VENTI DI GUERRA. Vertice a Bruxelles con i ministri della Difesa e Stoltenberg: contro Trump e Putin nuovi accordi e promesse per l’Ucraina

La pace non si vede, corsa al riarmo di Europa e Nato I ministri della Difesa della Nato riuniti a Bruxelles - Getty Images

Il mondo si riarma a passi forzati. L’Europa è nel pieno della corsa, teme le minacce russe, mentre Putin mette alla prova la stabilità della Nato. Nelle ultime settimane si sono moltiplicati gli allarmi da parte di responsabili di paesi europei, dalla Danimarca alla Germania, ai Baltici, che parlano di grandi rischi di guerra nei prossimi anni, cresce la preoccupazione per una Russia ormai in piena «economia di guerra».

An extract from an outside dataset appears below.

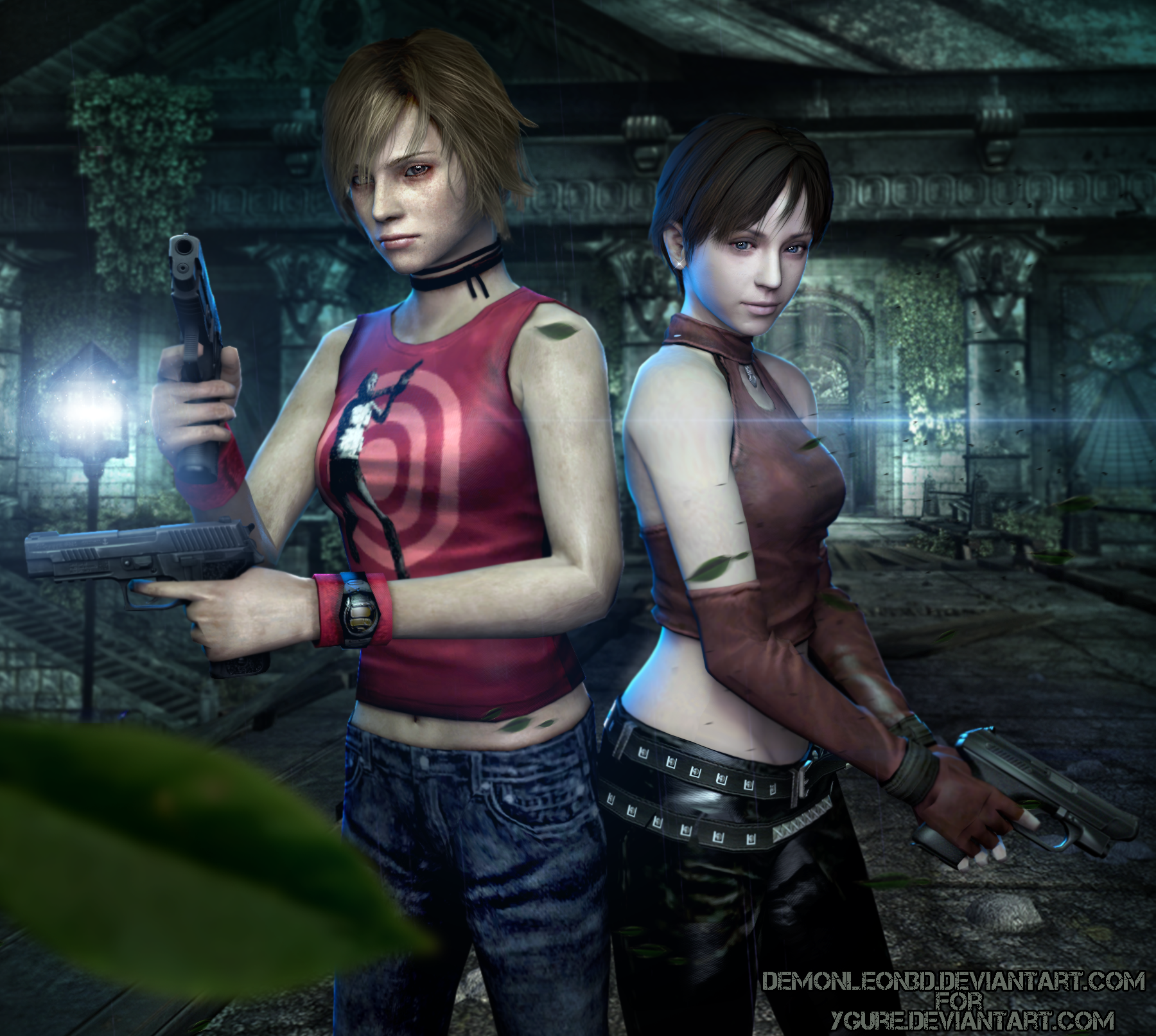 #Girls - Survival Horror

I PAESI EUROPEI sottoscrivono nuovi accordi bilaterali con l’Ucraina sulla sicurezza per cercare di far fronte ai tentennamenti Usa, in un momento di difficoltà di Kyiv. Ci sono precisazioni sugli impegni di consegna di armi, munizioni, missili e adesso anche aerei, una sessantina di F16 sono stati promessi dagli europei a Zelensky. Nascono diverse “coalizioni” in formazione, specializzate (droni, artiglieria ecc.) e con paesi leader, per coordinare gli aiuti militari, da membri Ue ma anche dalla Gran Bretagna, che con il militare rimette un piede nell’Unione.

C’è la promessa di un aumento della spesa militare dei paesi europei della Nato, in risposta al rischio di disimpegno Usa dopo le dichiarazioni giudicate «irresponsabili» di Donald Trump contro i membri che «non pagano» e il blocco al Congresso sui 66 miliardi di aiuti all’Ucraina. Si parla di un’apertura di un centro di addestramento Nato-Ucraina in Polonia. E, in prospettiva, si discute della possibilità di avere un commissario alla Difesa nella prossima Commissione europea, l’attuale presidente, Ursula von der Leyen (che pensa a ricandidarsi) si è detta d’accordo, il Ppe spinge. Per la Ue, l’ipotesi di un’autonomia strategica, ancora indefinita, non è più esclusa neppure dai paesi più legati all’ombrello nucleare americano.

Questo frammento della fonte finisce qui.